I can either do that globally, or i can do that on a per-package basis. 

Enabling an additional keyword on a per-package basis is what we have done with this package

Enabling an additional keyword globally entails adding ACCEPT_KEYWORDS="~amd64" to /etc/portage/make.conf (or /etc/make.conf, depending on which you use)

as to which is the best for you, there is no "one size fits all" rule. 

Expect a handful of quirks if you enable ~amd64 (or, ~x86) globally. 

Expect a colossal pain in the ass if you try to have half of your packages ~amd64, and half of them amd64 - unless you're really comfortable with portage

Expect things to be quiet if you run exclusively amd64

Expect things to be mostly quiet if you only very selectively unkeyword packages (as we've done here)
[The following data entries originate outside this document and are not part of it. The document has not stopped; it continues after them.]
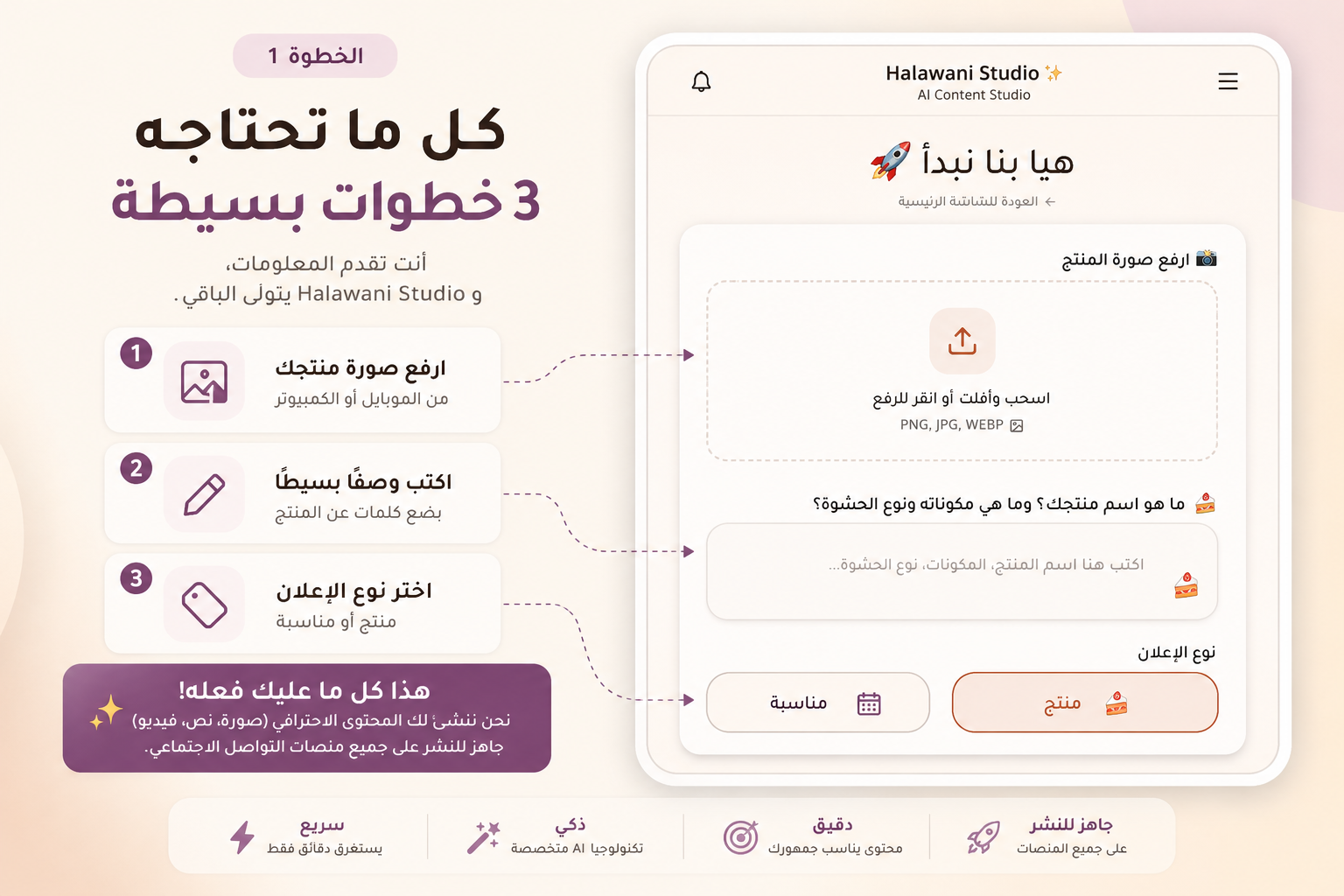 Everything you need in 3 simple steps: upload your product photo, write a short description, choose the ad type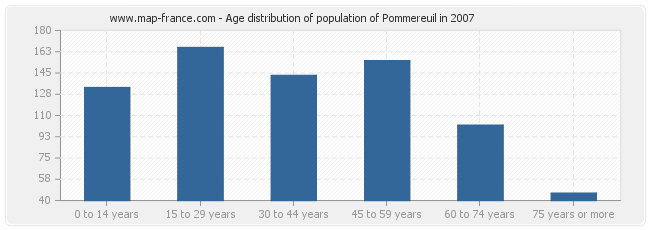 Age distribution of population of Pommereuil in 2007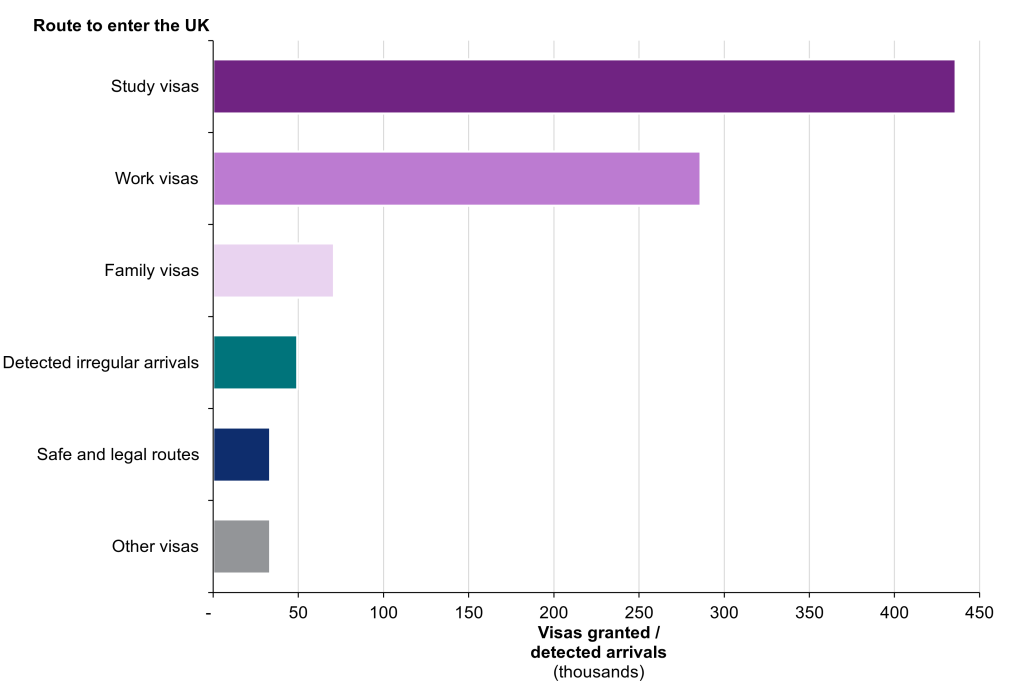 Source: Entry clearance visa applications and outcomes – Vis_D02, Safe and legal (humanitarian) routes summary tables - Hum_01, Irregular migration to the UK - Irr_D01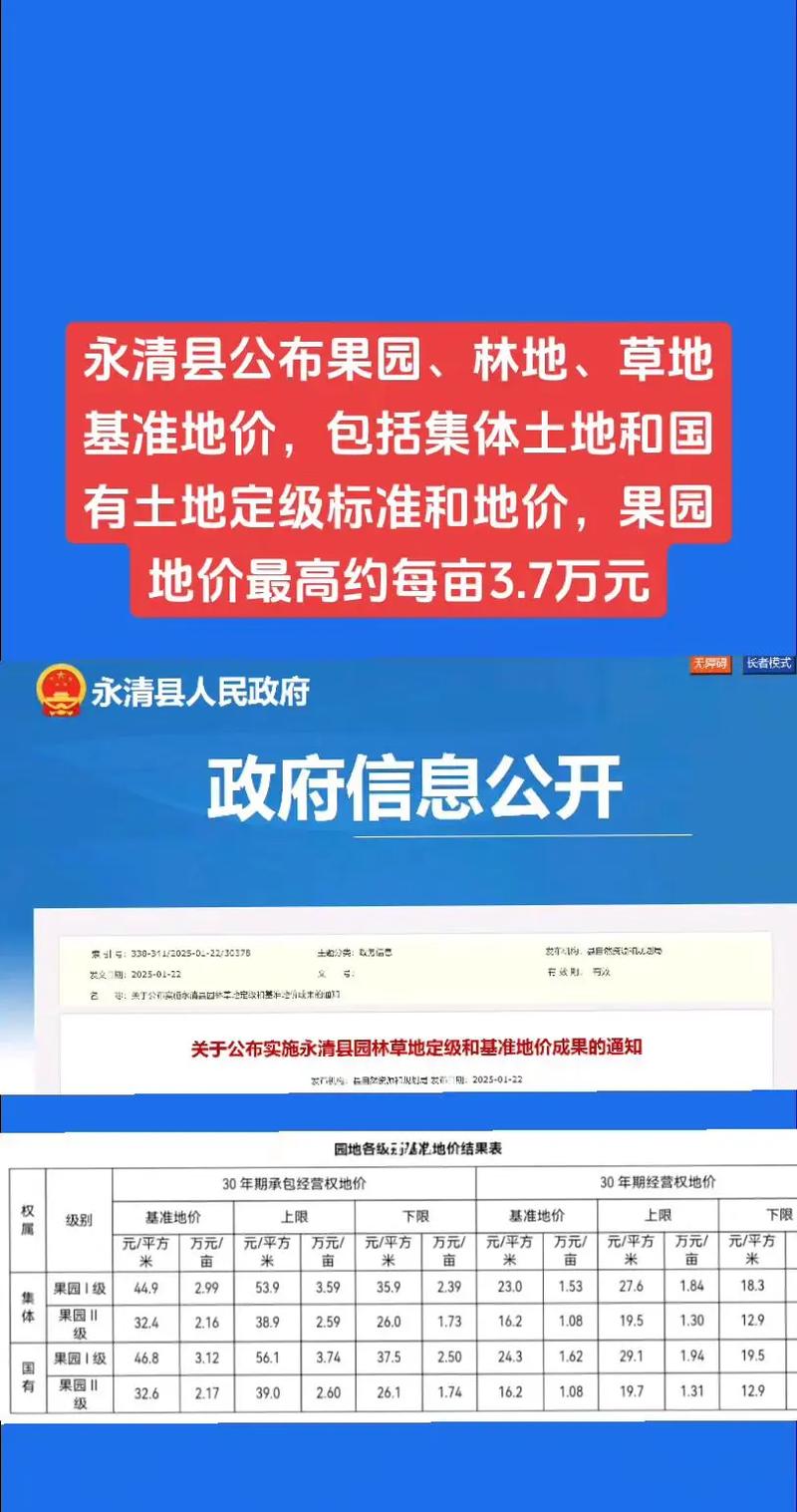 永清房价还会涨吗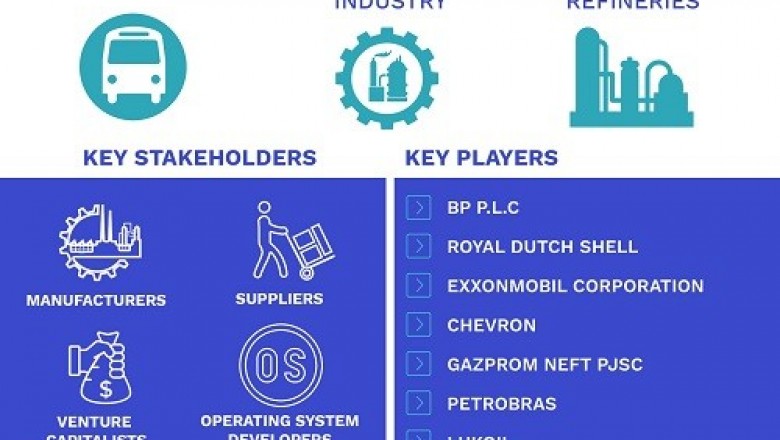 Fuel Oil Market was valued at USD 163.3 Billion in 2019 and is projected to reach USD 227.2 Billion by 2027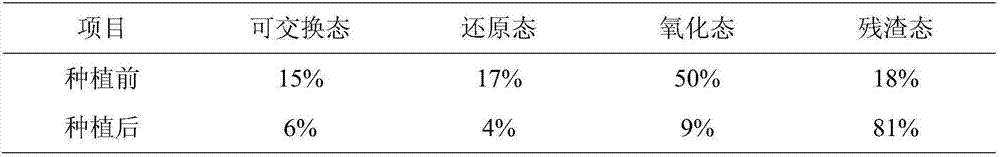 Aeolian sandy soil repairing agent, preparation method thereof, and aeolian sandy soil restoring method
That is all a greatly simplified version of things. But it gets the basic point expressed. 

 *LoTeK wrote:*   

> 
> 
> and just to be sure, tp_smapi allow one to control things like charging the battery to a certain percentage, but it does not reduce power consumption?

 

I have absolutely zero idea. I haven't owned a thinkpad for a long while, and never used this module - i just googled a bit and found out the T420 requires a later version of tp_smapi  :Smile: 

----------

## LoTeK

ok, thanks for the detailed reply...

 *Quote:*   

> i just googled a bit and found out the T420 requires a later version of tp_smapi 

 

haha.. and some features aren't supported, but at least I can enable that the battery won't get fully charged.

----------